With Journalism Studies as a developing subject area throughout the world, journalism history is becoming a particularly vivacious field. As such, How Journalism Uses History argues that, if historical study of this kind is to achieve its full potential, there needs to be a fuller and more consistent engagement with other academics studying the past: political, social and cultural historians in particular, but also scholars working in politics, sociology, literature and linguistics.
Contributors in this book discuss the core themes which inform history’s relationship with journalism from a wide range of geographical and methodological perspectives. They aim to create more ambitious conversations about using journalism both as a source for understanding the past, and for clarifying ideas about its role as constituent of the public sphere in using discourse and tradition to connect contemporary audiences with history.
This book was originally published as a special issue of Journalism Practice.
Table of Contents
Preface Bob Franklin Foreword Anthony Delano 1. How journalism uses history Martin Conboy 2. A Reservoir of Understanding: Why journalism needs history as a thematic field Horst Pöttker 3. Are Journalists Always Wrong: And are historians always right?
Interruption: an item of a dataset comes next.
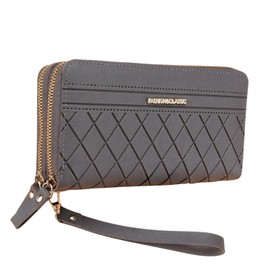 [Aglem] Women's Long Wallet with Double Round Zipper, Large Capacity PU Leather, Multifunctional with Long Strap, Coin Purse, Lightweight, Gift, gray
Chris Daley 4. Teaching Journalism History to Journalists Andie Tucher 5. Broadsheets, Broadcasts and Botany Bay: History in the Australian media Bridget Griffen-Foley 6. The Presence of the Past: The uses of history in the discourses of contemporary South African journalism Herman Wassermann 7. Framing Revolution and Re-framing Counter Revolution: History, context and journalism in the new left-wing Latin American paradigm Jairo Lugo-Ocando, Olga Guedes Bailey and Andres Cañizalez
Martin Conboy is Professor of Journalism History at the University of Sheffield, UK. He is also co-director of the Centre for the Study of Journalism and History based in Sheffield. Research interests include the representation of national identity, popular journalism and celebrity culture. He is the author of six books on the language and history of journalism and is on the editorial boards of Journalism Studies, Media History, Journalism: Theory, Practice and Criticism and Memory Studies. He is also co-editor of the book series Journalism Studies: Key Texts.